For the 2020 version, I served as a member of two task groups, contributed comments to others, and attended several meetings of the CC to observe and comment on the process. The last CC group meeting was held February 11 to 13, 2019, in Washington, DC, and it ended with a reasonably complete standard ready for a final round of public comments and a vote for adoption sometime during the spring of 2019.
Aiming to increase market share
While NGBS has had significant impact in the multifamily market, particularly in affordable housing, it has struggled, as have most green programs, with adoption by builders of single-family homes. Most builders and program verifiers believe this is due to the complexity of the program, consisting of a detailed Excel workbook, a 202-page standard, hundreds of mandatory items and optional measures, and over 1100 points to choose from to complete the certification process.
A small group of participants worked on developing an alternative path to certification that limits options and streamlines the process through a simple prescriptive list of requirements. At the most recent meeting, the Consensus Committee overwhelmingly voted in the affirmative to adopt the alternative certification path, against much resistance from several participants, particularly the U.S. Environmental Protection Agency (EPA).
Following approval of the new path, an EPA representative confronted myself and others, insisting that the new path was a disaster, and threatened to personally ruin the entire program through the media, based on their conviction that it was less rigorous than the current program and created a dangerous precedent. Conversely, proponents of the new prescriptive certification path believe that it is overall equally as rigorous as Bronze level certification, meets Silver lever or higher in Energy and Water Efficiency, and by simplifying the process, expect NGBS Green to capture a larger share of the single-family market. The final decision will be rendered after additional balloting and public comment process.

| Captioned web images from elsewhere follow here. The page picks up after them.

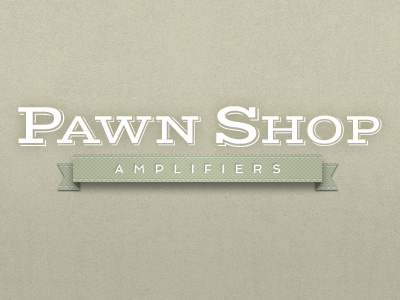 Pawn Shop Amplifiers amplifiers drop caps fender green header logo retro ribbon texture type treatment vintage web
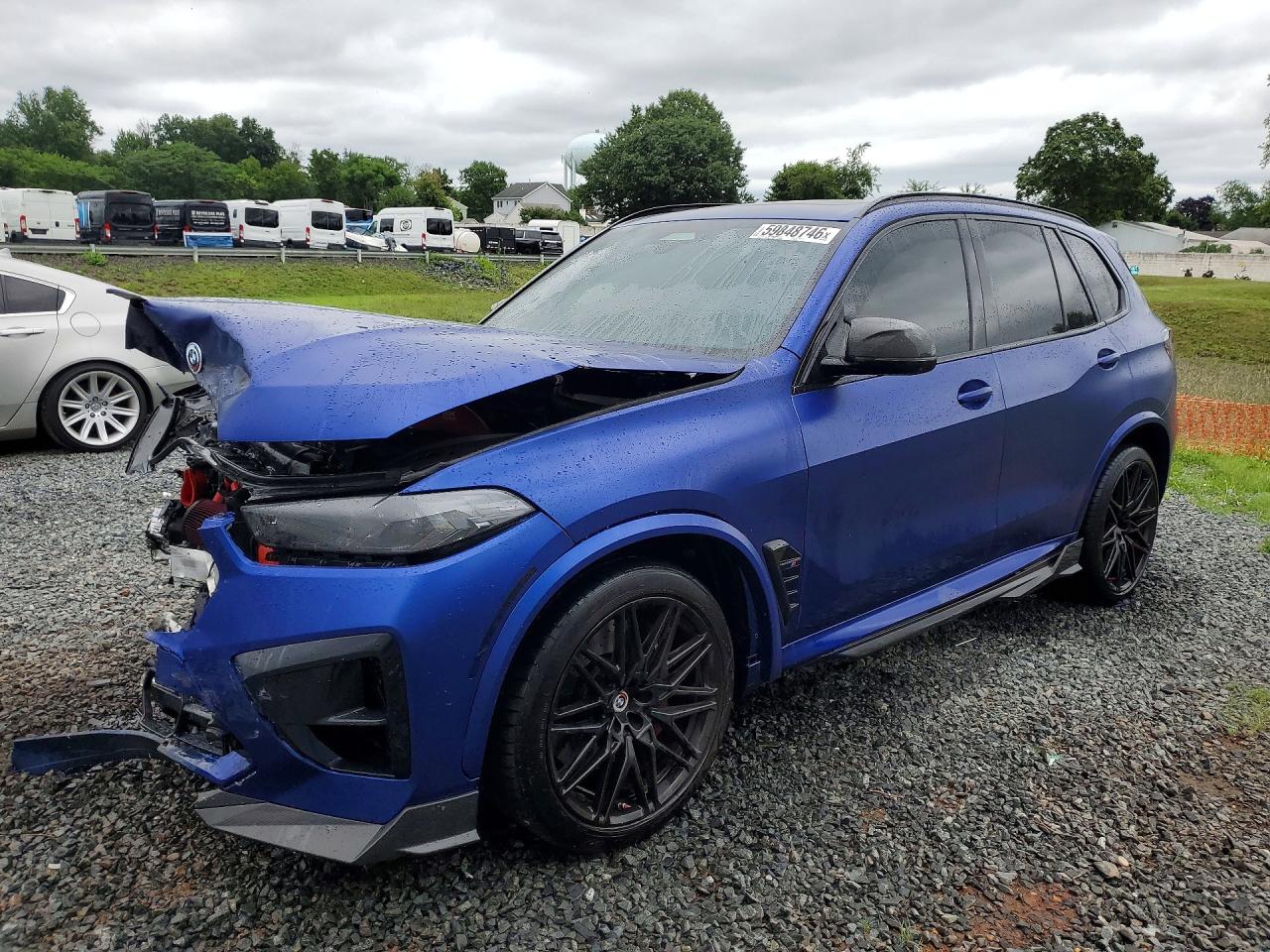 2025 BMW X5 M Competition, VIN 5YM13ET00S9X01115 — Front end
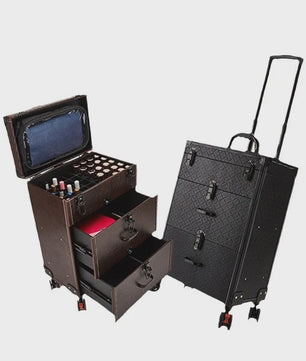 Professionele Make-up Koffer met Wielen - Grote Capaciteit voor Nagelstudio & Tatoeage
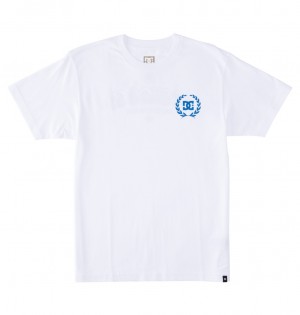 White DC Shoes Lifes Changing - T-Shirt | 247YVXHEN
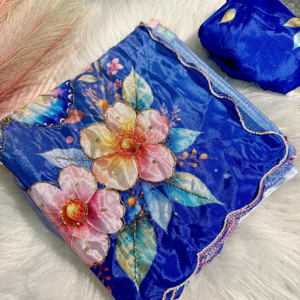 Magnifique superbe designer indien Pure Malai Silk Sari Dernier chemisier fantaisie exclusif Premium Quality Bridal Ethnic Party Wear - Product Image 1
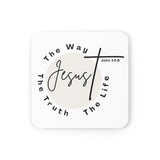Handcrafted Square Coaster Set of 4 - the Truth the Way the Life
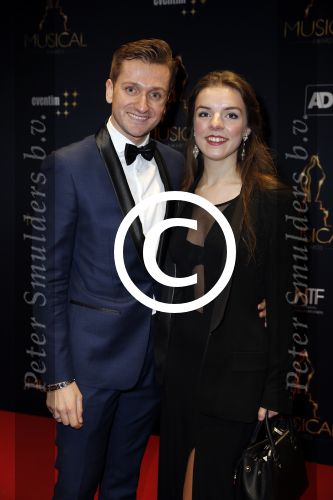 Utrecht 6 januari 2016
Uitreiking musical awards in het beatrixtheater.
David van den Tempel met Julia Berendsen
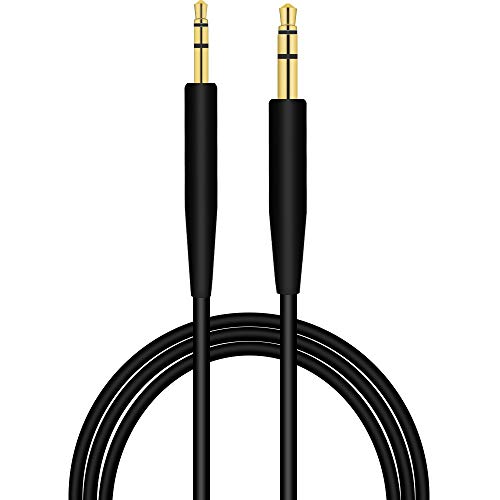 Omivine 3,5 mm - 2,5 mm Aux Kabel, Bose Kopfhörerkabel, Ersatz Männlicher Stereokabel, Kopfhörer Audiokabel kompatibel mit Bose QC 35 / QC35 II / QC25 / OE2, JBL E45BT E55BT E65BTNC-1,5 m / 5 ft von Omivine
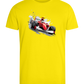 Red F1 Design - Comfort men's fitted t-shirt_YELLOW_front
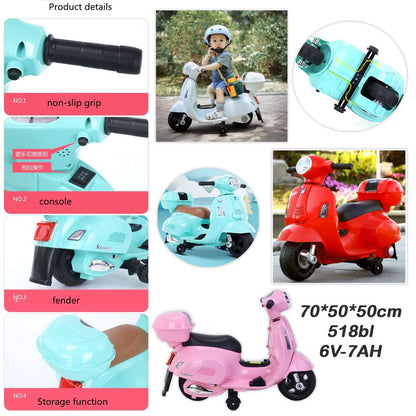 Electric ride-on toys for kids (mini vespa )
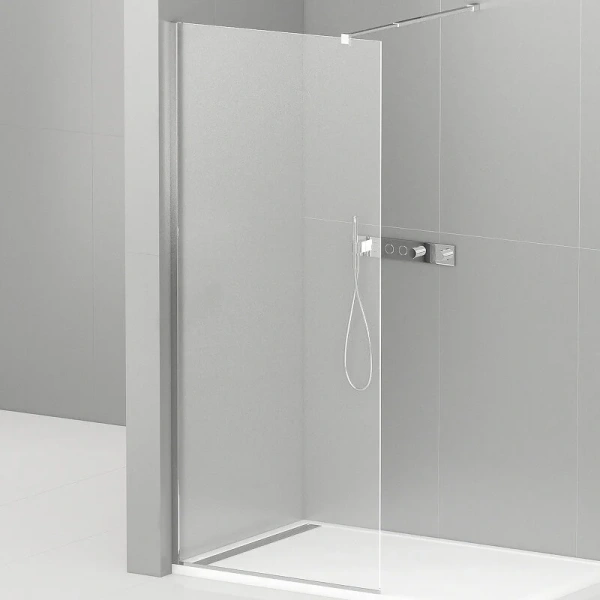 Душевая перегородка Cezares Liberta 130 см профиль хром - фото 1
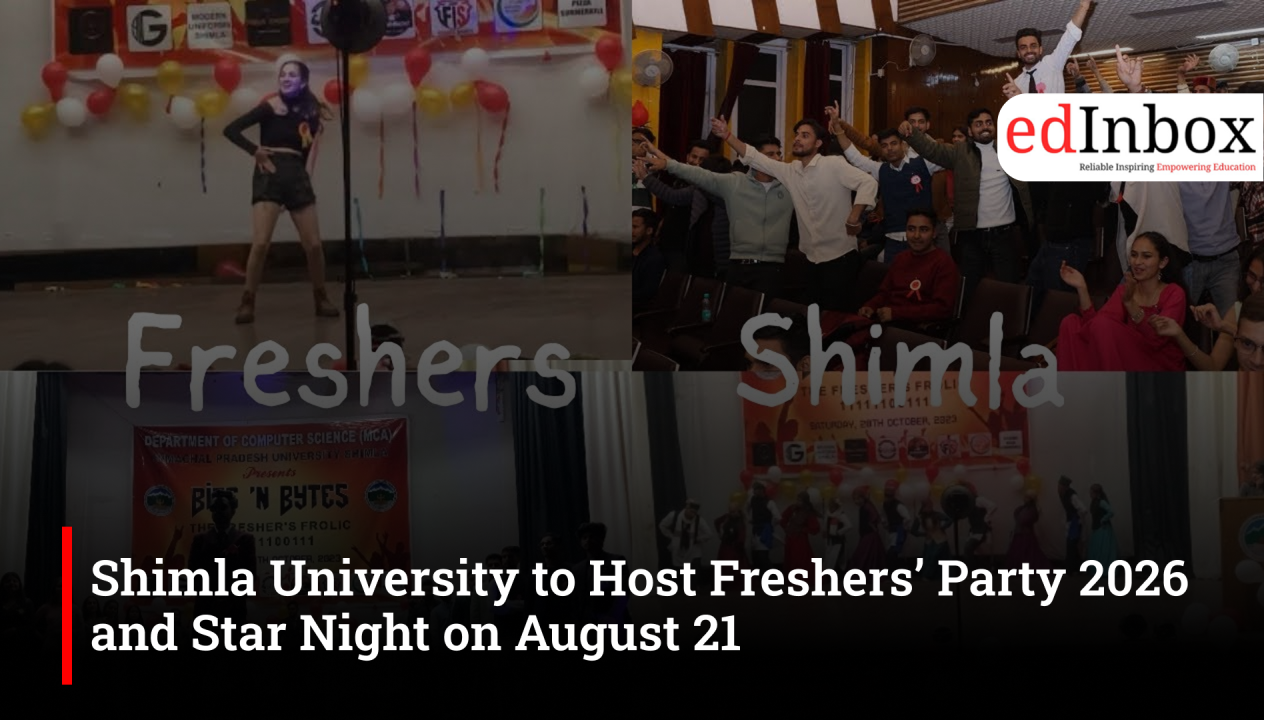Shimla University to Host Freshers’ Party 2026 and Star Night on August 21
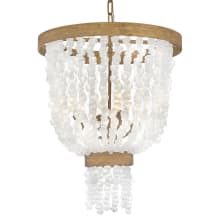 Dune 4 Light 18" Wide Beaded Waterfall Chandelier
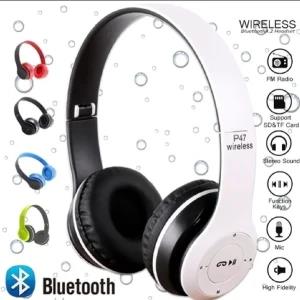 P47 5.0+ EDR Wireless Headphones TF Card FM MP3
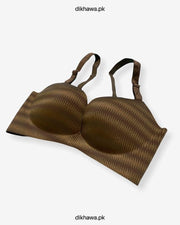 Pack off 2 Self Design Sexy Soft Touch Push Up Bra - Brown- 2021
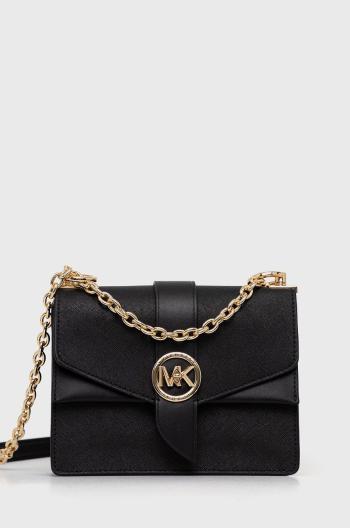 Kožená kabelka MICHAEL Michael Kors čierna farba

Other changes to the standard allow for projects that include as much as 49% non-residential space to be certified; allowing for live-work projects to meet the 2020 standard; for commercial space within multifamily buildings to be certified — these areas are not able to be certified in current versions — and for the expansion of the definition of dwelling units to include sleeping units, thereby allowing for certification of dorms, assisted living facilities, hotels, and similar projects.
The most current version of NGBS (the 2015 version) will be the only one available for use for projects registered after December 31, 2019. The next version is expected to be available for certification in 2020, with the 2015 remaining available for use until a sunset date is determined, after which it may no longer be used for certification.
A group of verifiers, affiliated professionals, and Home Innovation staff worked diligently to shepherd the new NGBS version through the ANSI development process. Our sincere hope is that the new certification options available will allow the program to grow, particularly in the single-family market.